Now the last type of bias. Publication bias.

Slide 20

zoccalislide

As you know, the publication bias is the bias that can be generated in the process of getting information published. You see we have many studies on renal disease progression and on drugs that can effect renal disease progression. The issue is so important that it’s used worldwide. Kasiske 5 years ago collected 13 studies on the effect of lipid lowering drugs on renal outcomes in patients with CKD. As you know he made a metanalysis and published this metanalysis in Kidney International. The results of metanalysis are summarised in plots like this. You see there is a vertical line at 0. If the treatment is better the points are on the left side, while if the points are on the right side, it means the treatment is worse than non-treatment.
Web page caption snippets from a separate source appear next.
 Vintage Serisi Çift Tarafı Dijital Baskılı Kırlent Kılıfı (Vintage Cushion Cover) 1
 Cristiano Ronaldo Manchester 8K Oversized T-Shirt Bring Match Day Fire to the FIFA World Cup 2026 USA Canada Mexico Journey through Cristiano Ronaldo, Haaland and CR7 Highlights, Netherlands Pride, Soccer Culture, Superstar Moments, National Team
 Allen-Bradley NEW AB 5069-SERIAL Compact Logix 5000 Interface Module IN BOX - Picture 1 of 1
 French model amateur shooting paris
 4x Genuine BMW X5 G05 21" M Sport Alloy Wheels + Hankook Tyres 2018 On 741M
Now Kasiske noted that in 11 studies treatment was better than nothing or than control. Then in 2 studies treatment was worse than control or nothing. So this may suggest bias. The idea that bias can be included in this data is reinforced if you look at the numbers. All these studies were based on small numbers.

Slide 21

zoccalislide

Now, how can bias be generated? The journal editors might have been biased in accepting for publication positive studies because all these studies were small or alternatively investigators that produced negative results who have not even submitted these studies because they were certain that the paper would have been rejected.

Slide 22

zoccalislide

How can we detect and prevent publication bias? We can plot data in a funnel plot. The funnel plot is a quite simple plot in the horizontal axis you put the sample size. In the vertical axis the outcome measure, better and worse. If you spot that small studies show better results while the outcome tends to show no effect, the outcome is neutral as the study size is larger, you should think that publication bias is more likely. When the data are distributed in this way, when the outcome is independent of the study size you can think that publication bias is unlikely.

Slide 23

zoccalislide

Now let’s summarise. Bias is the tendency to produce erroneous results. Proper selection of cases and controls and of exposed and unexposed subjects is fundamental if we are to avoid bias. Recall bias, interviewer bias and observer bias all produce wrong information and misclassification of study subjects. Non-differential misclassification weakens the strength of a true association while non-differential misclassification may either inflate or weaken the strength of a given association. Prevalence may give a biased estimate of risk. Whenever possible, risk should be estimated in cohort studies rather than in surveys.
The time that leads to disease from the preclinical phase to the clinical phase should be carefully considered when assessing the usefulness of early detection programs and finally, be aware of publication bias.

Ok. I thank you for having participated into this clinical epidemiology short course. If you have questions please write to me. You can find my e-mail address in the website of NDT-educational. So don’t hesitate, write to me I will be pleased to reply to your questions. Thank you.